Estas questões de Thoma são um indicador do estado de desordem mental na qual a teoria econômica se encontra. A combinação das idéias de auto-correção e atrito é revelador. Por trás dessas considerações fica o dogma central que todos domina a disciplina: o mecanismo econômico é animado por uma tendência de equilíbrio inexorável e a única coisa que dificulta essa propensão são os atritos que existem na formação de novos preços, especialmente em salários. Nós precisamos de mais humildade, diz Thoma, para mudar de opinião quando os dados estão em desacordo com o nosso modelo teórico favorito. Acho que precisamos de algo mais do que a humildade.

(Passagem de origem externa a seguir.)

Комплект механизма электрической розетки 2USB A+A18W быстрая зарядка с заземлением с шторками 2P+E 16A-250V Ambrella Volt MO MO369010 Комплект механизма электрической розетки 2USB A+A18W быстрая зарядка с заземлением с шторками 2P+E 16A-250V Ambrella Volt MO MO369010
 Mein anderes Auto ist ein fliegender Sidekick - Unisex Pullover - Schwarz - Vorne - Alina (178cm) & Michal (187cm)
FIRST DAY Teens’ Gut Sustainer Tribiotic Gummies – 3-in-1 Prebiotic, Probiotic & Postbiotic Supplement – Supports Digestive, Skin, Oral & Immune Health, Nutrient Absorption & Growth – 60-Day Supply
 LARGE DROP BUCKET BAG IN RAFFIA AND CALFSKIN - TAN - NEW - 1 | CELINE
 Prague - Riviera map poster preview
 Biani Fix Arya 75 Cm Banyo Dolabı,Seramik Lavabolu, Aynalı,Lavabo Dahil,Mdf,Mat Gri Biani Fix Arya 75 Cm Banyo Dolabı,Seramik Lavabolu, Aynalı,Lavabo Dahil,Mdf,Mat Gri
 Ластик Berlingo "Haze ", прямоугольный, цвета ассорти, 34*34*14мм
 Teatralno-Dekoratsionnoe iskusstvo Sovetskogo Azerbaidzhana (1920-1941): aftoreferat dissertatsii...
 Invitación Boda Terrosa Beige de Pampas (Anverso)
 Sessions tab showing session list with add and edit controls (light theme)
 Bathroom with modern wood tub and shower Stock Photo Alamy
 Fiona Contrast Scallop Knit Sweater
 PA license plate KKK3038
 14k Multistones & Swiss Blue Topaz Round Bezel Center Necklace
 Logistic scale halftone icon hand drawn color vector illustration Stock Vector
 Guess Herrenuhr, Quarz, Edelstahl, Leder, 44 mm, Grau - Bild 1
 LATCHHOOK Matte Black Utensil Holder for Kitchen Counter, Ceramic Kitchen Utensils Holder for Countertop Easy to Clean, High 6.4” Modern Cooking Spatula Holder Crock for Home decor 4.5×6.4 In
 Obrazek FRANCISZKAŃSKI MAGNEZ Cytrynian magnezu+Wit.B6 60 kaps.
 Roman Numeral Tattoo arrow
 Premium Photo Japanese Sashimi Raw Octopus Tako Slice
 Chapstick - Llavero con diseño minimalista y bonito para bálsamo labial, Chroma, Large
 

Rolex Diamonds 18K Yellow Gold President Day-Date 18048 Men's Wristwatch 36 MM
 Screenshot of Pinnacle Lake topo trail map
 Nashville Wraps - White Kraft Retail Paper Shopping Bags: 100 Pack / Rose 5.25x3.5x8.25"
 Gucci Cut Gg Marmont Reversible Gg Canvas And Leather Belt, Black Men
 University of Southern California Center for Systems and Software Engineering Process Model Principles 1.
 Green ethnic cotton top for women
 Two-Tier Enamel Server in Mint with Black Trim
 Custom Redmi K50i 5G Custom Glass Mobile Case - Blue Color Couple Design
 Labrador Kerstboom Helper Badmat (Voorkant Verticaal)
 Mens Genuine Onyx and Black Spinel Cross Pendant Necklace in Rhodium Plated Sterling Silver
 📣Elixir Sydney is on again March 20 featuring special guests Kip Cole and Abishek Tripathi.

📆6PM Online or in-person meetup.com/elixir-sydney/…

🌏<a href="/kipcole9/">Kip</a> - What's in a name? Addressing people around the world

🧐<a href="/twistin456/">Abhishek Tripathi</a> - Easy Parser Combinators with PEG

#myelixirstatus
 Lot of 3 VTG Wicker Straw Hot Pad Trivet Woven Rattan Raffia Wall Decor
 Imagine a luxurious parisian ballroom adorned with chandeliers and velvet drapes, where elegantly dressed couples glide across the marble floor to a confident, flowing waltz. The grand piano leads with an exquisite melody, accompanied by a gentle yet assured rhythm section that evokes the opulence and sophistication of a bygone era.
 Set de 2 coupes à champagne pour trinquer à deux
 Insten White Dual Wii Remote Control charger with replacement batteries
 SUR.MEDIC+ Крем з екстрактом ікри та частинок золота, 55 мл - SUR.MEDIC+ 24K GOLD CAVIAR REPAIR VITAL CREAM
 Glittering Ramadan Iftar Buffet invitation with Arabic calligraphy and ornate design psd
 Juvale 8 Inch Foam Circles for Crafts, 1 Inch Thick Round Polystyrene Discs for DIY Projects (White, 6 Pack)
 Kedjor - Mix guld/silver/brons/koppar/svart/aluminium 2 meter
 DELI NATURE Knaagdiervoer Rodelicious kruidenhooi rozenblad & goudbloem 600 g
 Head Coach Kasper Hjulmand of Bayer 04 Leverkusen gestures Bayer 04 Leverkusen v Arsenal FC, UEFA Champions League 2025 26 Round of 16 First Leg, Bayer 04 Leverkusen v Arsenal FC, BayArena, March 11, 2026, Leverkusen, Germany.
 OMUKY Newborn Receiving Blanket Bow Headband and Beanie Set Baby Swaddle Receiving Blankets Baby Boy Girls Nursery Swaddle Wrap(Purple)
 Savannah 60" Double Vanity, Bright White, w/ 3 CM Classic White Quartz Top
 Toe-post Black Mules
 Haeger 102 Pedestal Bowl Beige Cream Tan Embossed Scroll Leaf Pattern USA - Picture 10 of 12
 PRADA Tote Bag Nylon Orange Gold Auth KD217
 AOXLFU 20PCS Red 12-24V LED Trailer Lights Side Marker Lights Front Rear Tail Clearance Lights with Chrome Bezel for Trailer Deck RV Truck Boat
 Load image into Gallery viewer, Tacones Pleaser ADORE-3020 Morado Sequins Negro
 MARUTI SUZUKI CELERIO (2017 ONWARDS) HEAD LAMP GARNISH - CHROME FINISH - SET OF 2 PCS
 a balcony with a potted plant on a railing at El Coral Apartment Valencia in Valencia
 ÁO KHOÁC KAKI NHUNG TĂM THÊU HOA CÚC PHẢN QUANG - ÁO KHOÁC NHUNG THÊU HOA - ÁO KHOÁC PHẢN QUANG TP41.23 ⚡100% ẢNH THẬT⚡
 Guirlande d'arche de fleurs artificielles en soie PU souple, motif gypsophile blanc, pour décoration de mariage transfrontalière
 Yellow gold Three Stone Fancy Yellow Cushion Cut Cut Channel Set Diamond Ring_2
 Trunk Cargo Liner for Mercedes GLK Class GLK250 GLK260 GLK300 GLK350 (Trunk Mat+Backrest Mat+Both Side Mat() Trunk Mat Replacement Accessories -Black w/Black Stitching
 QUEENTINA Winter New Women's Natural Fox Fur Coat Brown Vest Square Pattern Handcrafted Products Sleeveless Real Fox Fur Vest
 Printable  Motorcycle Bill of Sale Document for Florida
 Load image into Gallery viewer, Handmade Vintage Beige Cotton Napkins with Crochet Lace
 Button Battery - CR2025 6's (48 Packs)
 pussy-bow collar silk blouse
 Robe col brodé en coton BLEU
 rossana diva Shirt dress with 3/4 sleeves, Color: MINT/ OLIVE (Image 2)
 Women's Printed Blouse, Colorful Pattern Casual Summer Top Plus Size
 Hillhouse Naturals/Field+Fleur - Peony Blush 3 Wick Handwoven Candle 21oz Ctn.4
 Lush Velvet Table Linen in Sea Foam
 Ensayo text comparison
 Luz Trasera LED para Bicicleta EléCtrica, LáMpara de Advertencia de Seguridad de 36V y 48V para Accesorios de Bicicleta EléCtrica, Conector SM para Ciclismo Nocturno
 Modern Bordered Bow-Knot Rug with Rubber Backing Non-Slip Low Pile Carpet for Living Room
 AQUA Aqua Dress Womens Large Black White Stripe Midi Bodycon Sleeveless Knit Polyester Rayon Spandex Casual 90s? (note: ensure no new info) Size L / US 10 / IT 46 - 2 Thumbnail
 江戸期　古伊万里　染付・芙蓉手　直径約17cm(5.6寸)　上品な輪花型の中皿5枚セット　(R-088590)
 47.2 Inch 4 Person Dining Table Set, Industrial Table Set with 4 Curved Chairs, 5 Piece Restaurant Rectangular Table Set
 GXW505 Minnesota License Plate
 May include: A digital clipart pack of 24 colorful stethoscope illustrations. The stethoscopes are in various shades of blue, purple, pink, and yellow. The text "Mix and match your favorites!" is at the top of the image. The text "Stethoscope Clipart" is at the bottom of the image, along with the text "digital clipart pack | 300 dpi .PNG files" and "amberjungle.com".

Este ponto de vista sobre a situação actual da disciplina é algo frívolo. Como ponto de partida se supõe que existe um mecanismo (econômico) que tem a capacidade de auto-regulação. Vestida em trajes diferentes essa ideia tem sido a espinha dorsal da teoria econômica dominante desde o nascimento do capitalismo. A busca de dados para corroborar e confirmar a sua veracidade foi revelada ao longo das décadas como um exercício inútil. Então se recorreu à construção de modelos matemáticos complexos que permitem demonstrar que o mecanismo econômico é fornecido com esta propriedade de auto-correção e apenas os atritos impedem o seu funcionamento adequado.

Mas o uso de modelos matemáticos falharam em mostrar que umas supostas forças de estabilização permitiram manter uma economia de mercado em um caminho de equilíbrio. Ao contrário, a única coisa que pode ser demonstrada foi que somente se introduzindo suposições arbitrárias nos modelos seria possível demonstrar que uma economia de mercado têm a propriedade de auto-correção. Estas condições arbitrárias não tem nada a ver com os dados cuja existência pressupõem as perguntas Thoma.

Talvez o vício de origem mais forte do pensamento econômico seja chamar desde o início, um programa de investigação que procurou justificar o capitalismo ao invés de compreender sua natureza. Assim se organizou a teoria econômica em torno de uma missão sagrada: demonstrar que o livre mercado sem regulamentação tinha propriedades benéficas para todos. Enquanto a forma analítica de uma ciência normal foi abandonada, a metáfora da mão invisível tornou-se o paradigma (no sentido de Kuhn) do pensamento econômico. Endereçar de alguma forma o caminho é o que busca o pensamento econômico heterodoxo, mas vai ser difícil convencer os oráculos de Delfos a abandonar suas velhas práticas de adivinhação.